_RECORDS FOR THE TASK:_
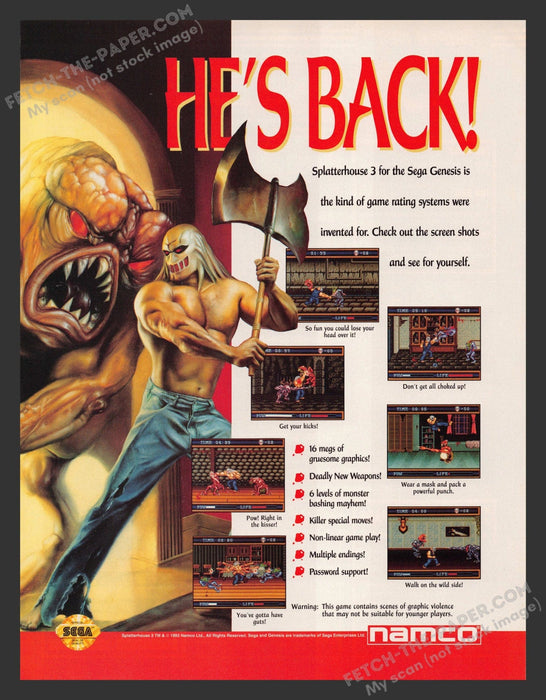 1993 Print Advertisement Splatterhouse 3 Video Game Ad.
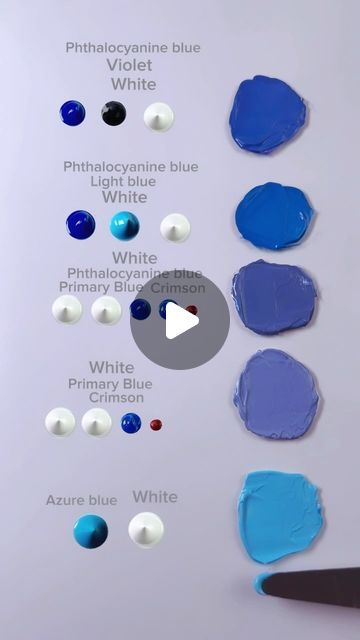 How To Make Periwinkle Color, Mixing Paint Colors Videos, Blue Colour Shades, French Blue Paint, Different Blue Colors, Color Mixing Chart Acrylic, Modelling Tips, Color Mixing Guide, Mixing Paint Colors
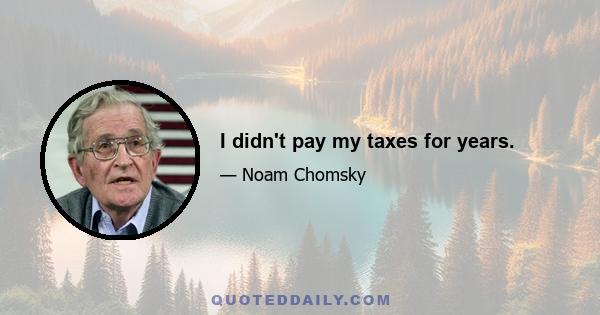 I didn't pay my taxes for years.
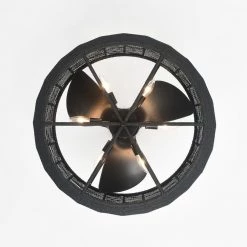 Lauritz 28 in. 6-Light Indoor Matte Black and Black Rattan Finish Ceiling Fan with Light Kit by Warehouse of Tiffany 14 Lauritz 28 in. 6-Light Indoor Matte Black and Black Rattan Finish Ceiling Fan with Light Kit by Warehouse of Tiffany -Warehouse of Tiffany Shop matte black warehouse of tiffany ceiling fans with lights dw01w64bl 1d 1000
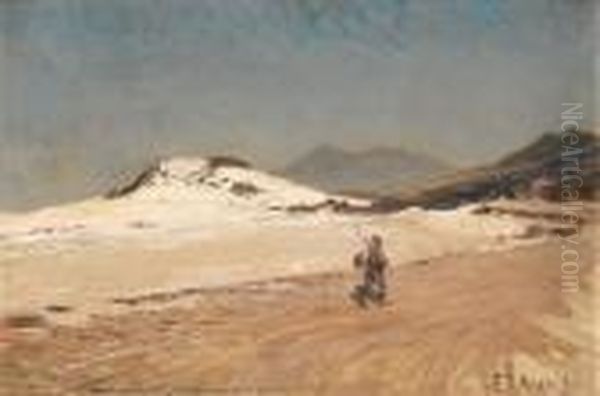 A Fisherman With His Catch Walking By Sand Dunes, Western Cape Oil Painting by Frans David Oerder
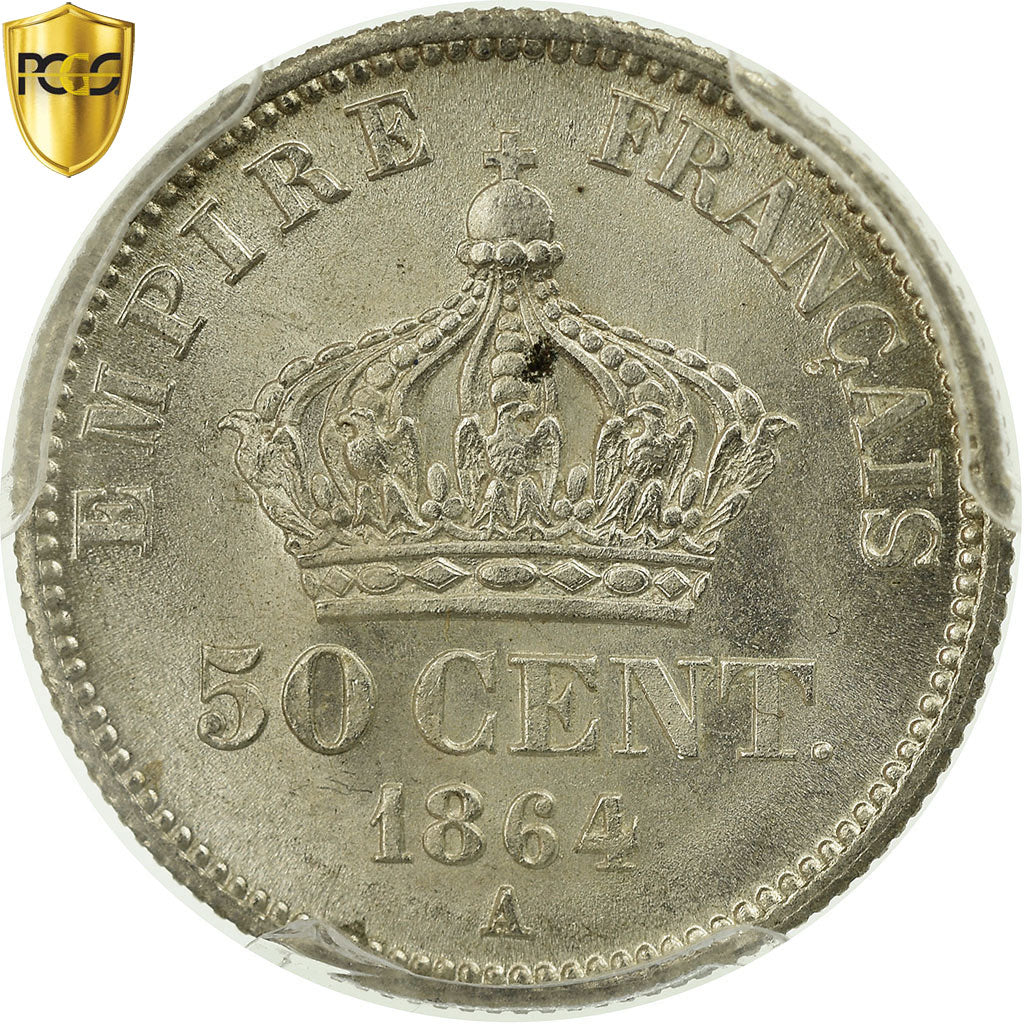 Monnaie, France, Napoleon III, Napoléon III, 50 Centimes, 1864, Paris, PCGS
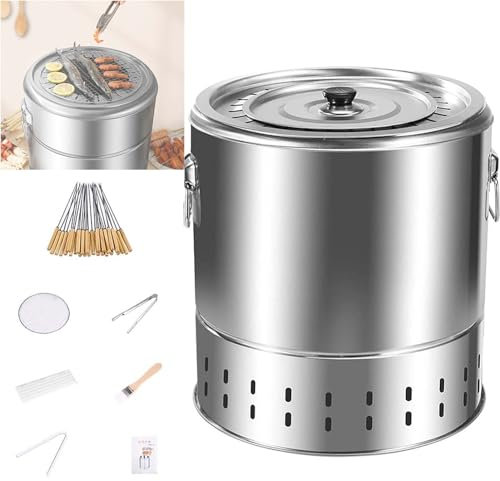 Barbecue Grill Eimer Stahl kompakt mit Lüftungsöffnungen - Rauchfreier BBQ Holzkohlegrill für Anhänger Camping Garten - 360° Rundum Braten - Ölkohle-Trennung - Küchenausstattung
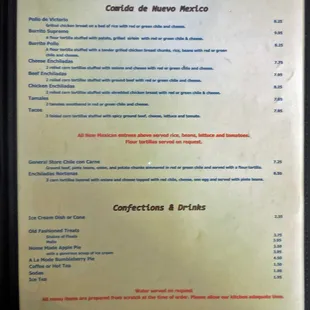 Menu - sorry kind of blurry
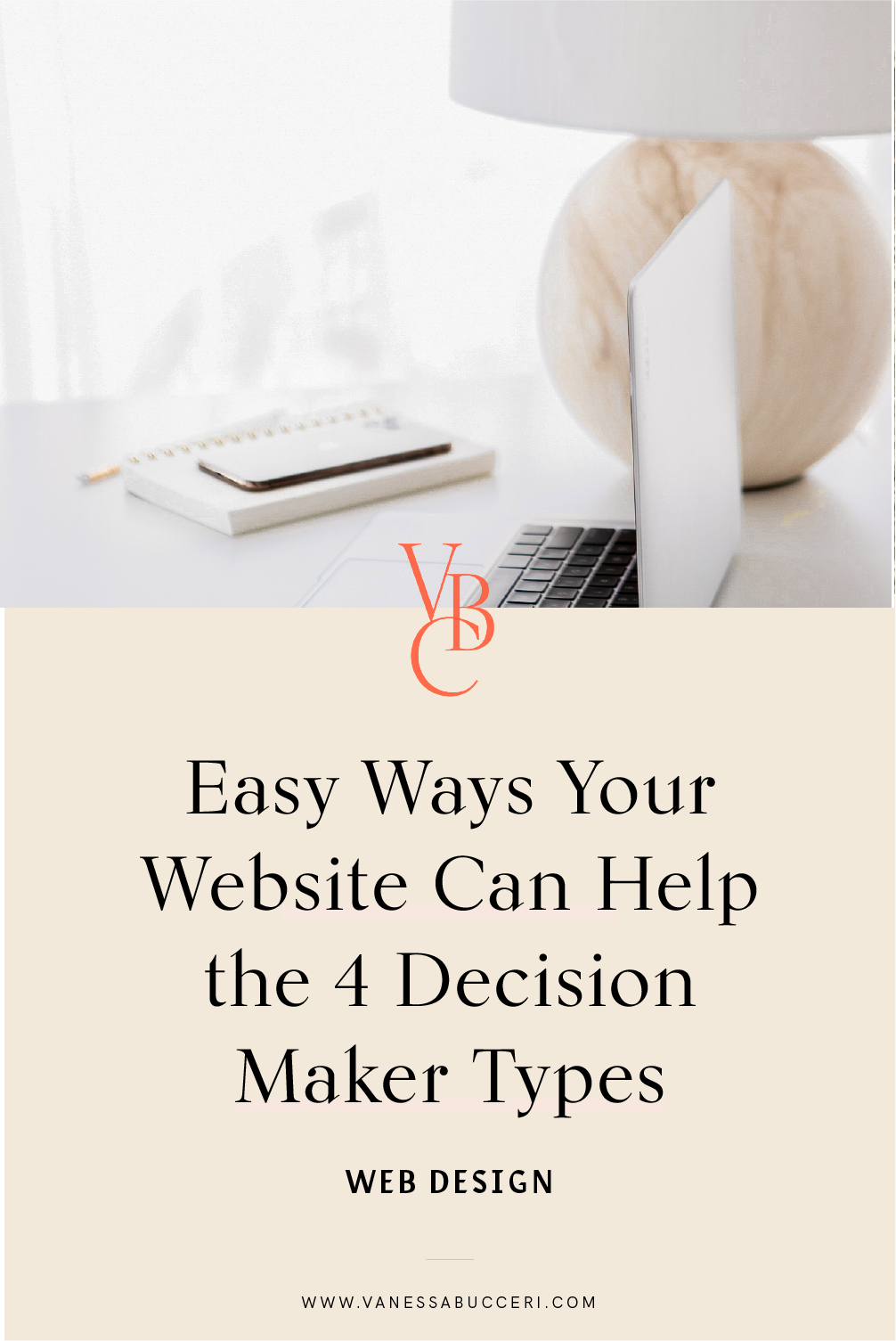 Easy Ways Your Website Can Help the 4 Decision Maker Types graphic with a styled desktop background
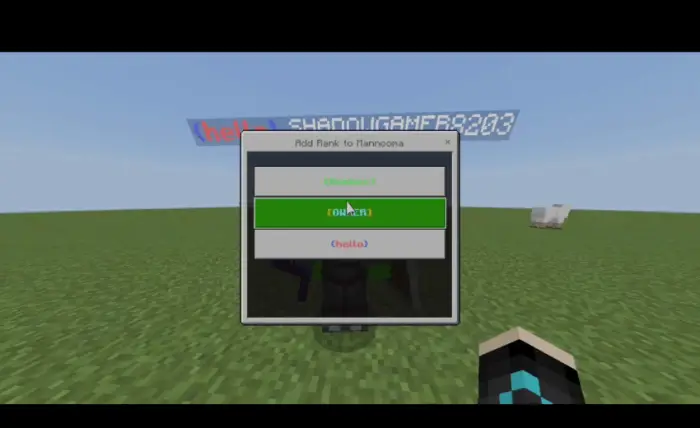 Assigning player ranks with a popup menu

_PROBLEM TO SOLVE:_ Leave the pictures aside and transcribe only the lines from the one holding "Barbecue Grill Eimer" through the final line of the records above.

_ANSWER FOR THIS EXERCISE:_
 Barbecue Grill Eimer Stahl kompakt mit Lüftungsöffnungen - Rauchfreier BBQ Holzkohlegrill für Anhänger Camping Garten - 360° Rundum Braten - Ölkohle-Trennung - Küchenausstattung
 Menu - sorry kind of blurry
 Easy Ways Your Website Can Help the 4 Decision Maker Types graphic with a styled desktop background
 Assigning player ranks with a popup menu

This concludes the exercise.